Melihatnya, Nina merasakan senyum mengembang di bibirnya. “Beda banget,” gumamnya.
Nina telah berubah, begitu pula Eris. Mereka tidak bisa lagi mengklaim bahwa mereka saling menginspirasi untuk menjadi lebih baik, tetapi Nina merasa bahwa jika ada yang berubah, dia dan Eris kini menjadi lebih dekat. Ketika mereka pertama kali bertemu, Nina yakin mereka tidak akan pernah akur. Bahkan ketika Eris meninggalkan Sword Sanctum sebagai Sword King, Nina tetap menghormatinya, dengan caranya sendiri, tetapi hubungan mereka terlalu membingungkan untuk disebut persahabatan. Ini hal yang baru. Nina tidak lagi memiliki rasa kagum yang sama terhadap Eris, tetapi dia merasakan sesuatu yang belum pernah dia rasakan sebelumnya. Sudah lama sejak dia bertemu Isolde. Jika mereka bertemu sekarang, mungkin dia akan merasakan hal yang sama. Itu adalah pengalaman yang tidak biasa bagi Nina, yang hampir tidak memiliki teman sejati.
“Eris?” katanya.
“Lalu, begitu saja, Ruijerd memenggal kepala penculik hewan peliharaan itu, dan—apa?”

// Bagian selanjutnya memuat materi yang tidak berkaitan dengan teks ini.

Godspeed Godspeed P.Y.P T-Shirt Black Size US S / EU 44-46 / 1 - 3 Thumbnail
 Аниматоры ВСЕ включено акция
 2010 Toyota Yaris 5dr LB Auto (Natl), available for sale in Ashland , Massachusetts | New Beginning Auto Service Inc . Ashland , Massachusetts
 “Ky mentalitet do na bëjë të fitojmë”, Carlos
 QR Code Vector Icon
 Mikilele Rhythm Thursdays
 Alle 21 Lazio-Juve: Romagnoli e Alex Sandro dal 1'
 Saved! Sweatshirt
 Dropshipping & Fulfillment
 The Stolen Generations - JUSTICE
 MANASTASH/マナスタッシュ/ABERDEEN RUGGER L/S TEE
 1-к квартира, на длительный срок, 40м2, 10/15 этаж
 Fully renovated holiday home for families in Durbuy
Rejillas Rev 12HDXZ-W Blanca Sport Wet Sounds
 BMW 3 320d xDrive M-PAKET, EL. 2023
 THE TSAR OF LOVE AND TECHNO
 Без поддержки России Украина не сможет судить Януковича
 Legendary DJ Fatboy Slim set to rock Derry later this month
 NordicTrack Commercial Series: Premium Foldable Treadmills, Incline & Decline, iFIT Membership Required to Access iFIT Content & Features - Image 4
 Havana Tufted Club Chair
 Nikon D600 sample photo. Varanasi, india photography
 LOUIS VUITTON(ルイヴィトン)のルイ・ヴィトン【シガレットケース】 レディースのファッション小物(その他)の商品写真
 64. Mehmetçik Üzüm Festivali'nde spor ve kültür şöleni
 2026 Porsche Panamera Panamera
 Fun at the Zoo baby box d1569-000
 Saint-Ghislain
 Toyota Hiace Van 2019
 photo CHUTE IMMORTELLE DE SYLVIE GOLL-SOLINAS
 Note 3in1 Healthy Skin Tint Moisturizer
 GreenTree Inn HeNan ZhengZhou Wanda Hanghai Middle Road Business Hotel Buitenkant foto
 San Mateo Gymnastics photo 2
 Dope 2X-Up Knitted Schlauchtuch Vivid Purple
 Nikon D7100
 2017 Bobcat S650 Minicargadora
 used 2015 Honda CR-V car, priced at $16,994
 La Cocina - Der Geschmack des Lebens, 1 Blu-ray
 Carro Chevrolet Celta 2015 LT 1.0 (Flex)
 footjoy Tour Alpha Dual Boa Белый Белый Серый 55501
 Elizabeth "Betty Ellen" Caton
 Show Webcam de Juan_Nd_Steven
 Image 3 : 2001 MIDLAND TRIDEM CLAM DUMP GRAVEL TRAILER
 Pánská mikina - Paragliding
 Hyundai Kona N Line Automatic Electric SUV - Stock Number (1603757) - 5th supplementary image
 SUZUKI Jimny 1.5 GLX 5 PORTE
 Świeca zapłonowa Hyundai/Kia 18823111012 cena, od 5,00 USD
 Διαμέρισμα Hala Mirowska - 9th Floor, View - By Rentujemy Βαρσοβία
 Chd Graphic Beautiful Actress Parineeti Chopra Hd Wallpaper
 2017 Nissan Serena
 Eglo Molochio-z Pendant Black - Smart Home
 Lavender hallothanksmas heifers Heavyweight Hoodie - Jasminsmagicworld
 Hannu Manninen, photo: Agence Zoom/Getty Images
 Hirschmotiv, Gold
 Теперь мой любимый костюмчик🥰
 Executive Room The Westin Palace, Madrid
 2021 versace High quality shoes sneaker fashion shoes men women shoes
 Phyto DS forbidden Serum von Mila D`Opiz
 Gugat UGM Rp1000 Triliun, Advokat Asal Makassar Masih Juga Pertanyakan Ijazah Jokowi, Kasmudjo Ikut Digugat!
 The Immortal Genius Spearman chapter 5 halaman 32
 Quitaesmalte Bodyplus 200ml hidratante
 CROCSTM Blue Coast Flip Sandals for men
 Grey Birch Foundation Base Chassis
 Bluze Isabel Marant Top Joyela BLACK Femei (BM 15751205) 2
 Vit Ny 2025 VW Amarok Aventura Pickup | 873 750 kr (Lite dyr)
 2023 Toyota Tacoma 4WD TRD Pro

“Ayo ajak anak-anak kita melihat Isolde bersama.”
Eris berkedip, lalu mengangguk. “Itu rencana.”
Setelah menjadi Dewa Pedang, Gino telah berubah. Dengan Dewa Pedang seperti dia, Tempat Suci Pedang itu sendiri akan segera terlihat berbeda. Tidak ada yang akan bertahan lama. Yang dia tahu, seseorang mungkin akan muncul dan mengalahkan Gino begitu saja. Itu adalah bagian dari menjadi seorang petarung pedang. Mereka adalah makhluk yang rapuh.
Namun, Nina merasa persahabatan ini akan bertahan lama. Lagipula, dia bukan lagi seorang pendekar pedang.